_Problem statement_:
Go through the records and copy each line where the word "Battle" occurs.

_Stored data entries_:
________________________________________

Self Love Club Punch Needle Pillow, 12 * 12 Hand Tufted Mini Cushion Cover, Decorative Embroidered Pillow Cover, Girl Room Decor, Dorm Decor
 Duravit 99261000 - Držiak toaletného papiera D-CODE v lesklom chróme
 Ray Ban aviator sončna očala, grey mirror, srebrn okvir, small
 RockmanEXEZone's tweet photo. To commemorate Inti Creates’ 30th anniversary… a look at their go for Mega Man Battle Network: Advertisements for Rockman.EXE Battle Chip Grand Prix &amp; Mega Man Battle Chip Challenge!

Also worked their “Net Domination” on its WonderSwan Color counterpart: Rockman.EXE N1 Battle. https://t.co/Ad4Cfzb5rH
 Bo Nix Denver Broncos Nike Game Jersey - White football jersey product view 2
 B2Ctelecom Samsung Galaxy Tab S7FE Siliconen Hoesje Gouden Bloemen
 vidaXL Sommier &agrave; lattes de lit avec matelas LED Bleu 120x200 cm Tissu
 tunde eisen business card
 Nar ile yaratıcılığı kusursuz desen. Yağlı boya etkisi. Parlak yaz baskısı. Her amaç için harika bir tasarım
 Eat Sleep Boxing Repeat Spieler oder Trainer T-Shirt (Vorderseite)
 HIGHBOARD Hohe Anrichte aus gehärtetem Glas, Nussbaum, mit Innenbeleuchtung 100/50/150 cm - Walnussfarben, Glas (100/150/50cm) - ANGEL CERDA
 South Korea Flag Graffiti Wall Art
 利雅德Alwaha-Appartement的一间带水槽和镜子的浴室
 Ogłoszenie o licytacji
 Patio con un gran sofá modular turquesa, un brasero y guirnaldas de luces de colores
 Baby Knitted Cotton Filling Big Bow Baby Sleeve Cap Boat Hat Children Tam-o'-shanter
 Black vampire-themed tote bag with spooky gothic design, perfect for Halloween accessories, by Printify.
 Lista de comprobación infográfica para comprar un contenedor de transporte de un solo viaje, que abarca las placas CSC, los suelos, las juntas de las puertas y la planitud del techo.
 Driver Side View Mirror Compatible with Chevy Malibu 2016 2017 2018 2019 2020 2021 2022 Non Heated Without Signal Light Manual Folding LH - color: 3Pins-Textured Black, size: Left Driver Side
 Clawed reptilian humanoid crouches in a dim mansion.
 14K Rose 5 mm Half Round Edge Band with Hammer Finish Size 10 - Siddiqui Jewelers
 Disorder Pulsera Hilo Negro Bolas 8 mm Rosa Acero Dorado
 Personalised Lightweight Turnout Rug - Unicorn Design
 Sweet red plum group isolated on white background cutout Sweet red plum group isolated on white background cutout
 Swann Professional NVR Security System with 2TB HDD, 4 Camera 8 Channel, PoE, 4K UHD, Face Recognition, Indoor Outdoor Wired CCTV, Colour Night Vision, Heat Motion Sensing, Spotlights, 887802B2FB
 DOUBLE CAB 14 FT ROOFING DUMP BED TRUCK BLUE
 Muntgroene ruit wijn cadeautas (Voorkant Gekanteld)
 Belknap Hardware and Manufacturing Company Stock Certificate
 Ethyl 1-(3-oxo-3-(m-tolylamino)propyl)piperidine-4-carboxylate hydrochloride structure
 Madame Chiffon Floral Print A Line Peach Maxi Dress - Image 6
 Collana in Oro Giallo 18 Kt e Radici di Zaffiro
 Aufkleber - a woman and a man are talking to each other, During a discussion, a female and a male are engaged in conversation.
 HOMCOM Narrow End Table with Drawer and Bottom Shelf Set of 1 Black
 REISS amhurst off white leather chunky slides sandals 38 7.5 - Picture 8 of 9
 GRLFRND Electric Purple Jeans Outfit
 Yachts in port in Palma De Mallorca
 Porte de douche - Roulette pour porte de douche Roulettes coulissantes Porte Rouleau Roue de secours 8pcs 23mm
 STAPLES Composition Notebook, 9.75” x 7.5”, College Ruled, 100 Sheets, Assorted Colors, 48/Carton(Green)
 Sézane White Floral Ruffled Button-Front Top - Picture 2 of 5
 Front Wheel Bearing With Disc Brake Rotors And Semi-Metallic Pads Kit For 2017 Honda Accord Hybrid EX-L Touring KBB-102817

________________________________________

_The answer_:
 RockmanEXEZone's tweet photo. To commemorate Inti Creates’ 30th anniversary… a look at their go for Mega Man Battle Network: Advertisements for Rockman.EXE Battle Chip Grand Prix &amp; Mega Man Battle Chip Challenge!
Also worked their “Net Domination” on its WonderSwan Color counterpart: Rockman.EXE N1 Battle. https://t.co/Ad4Cfzb5rH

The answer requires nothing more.